Figure 1. Step and multipulse adaptation.

(A) The basic model (1) consists of the two variables y and x linked by a negative feedback loop (of gains k₁ and k₂), an external input u, and two first order degradation terms (of rates δ_x and δ_y). (B) Various levels of adaptation for the model (1), according to the ratio δ_x/δ_y.

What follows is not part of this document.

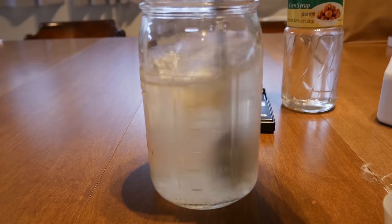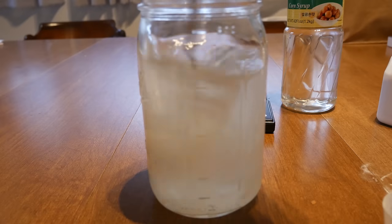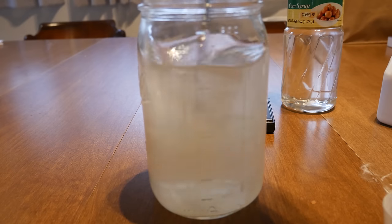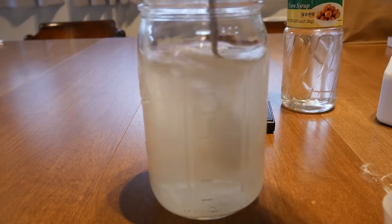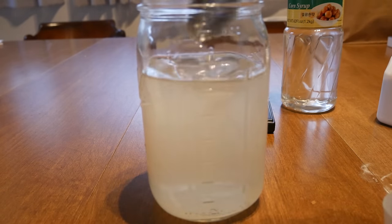With everything in, we want to go ahead and stir up our mixture to get it evenly mixed and dissolved. The corn syrup is going to be pretty sticky on the bottom, so mix this up very thoroughly to dissolve that corn syrup.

The upper and lower parts of the panel show the response to the two main input protocols described in the text, steps and multiple pulse pairs (here a series of 4 pulse pairs in which the second pulse is progressively delayed with respect the first; the 4 double pulse responses are shown all simultaneously, and the 4 first pulses of each pair are all identical and overlapping). Notice that the step responses resembles those of Figure 5 of Koshland et al.¹¹. The ratio δ_x/δ_y determines the amount of the two forms of adaptation mentioned in the text, step adaptation and multipulse adaptation. In particular perfect step adaptation requires exact integral feedback (i.e., δ_x = 0) and corresponds to no recovery in multipulse adaptation (leftmost plots). Moving from left to right of the panel as we increase the ratio δ_x/δ_y, step adaptation decreases and the recovery in multipulse adaptation becomes faster. See Supplementary Figure S1 for blown-up plots of the various cases.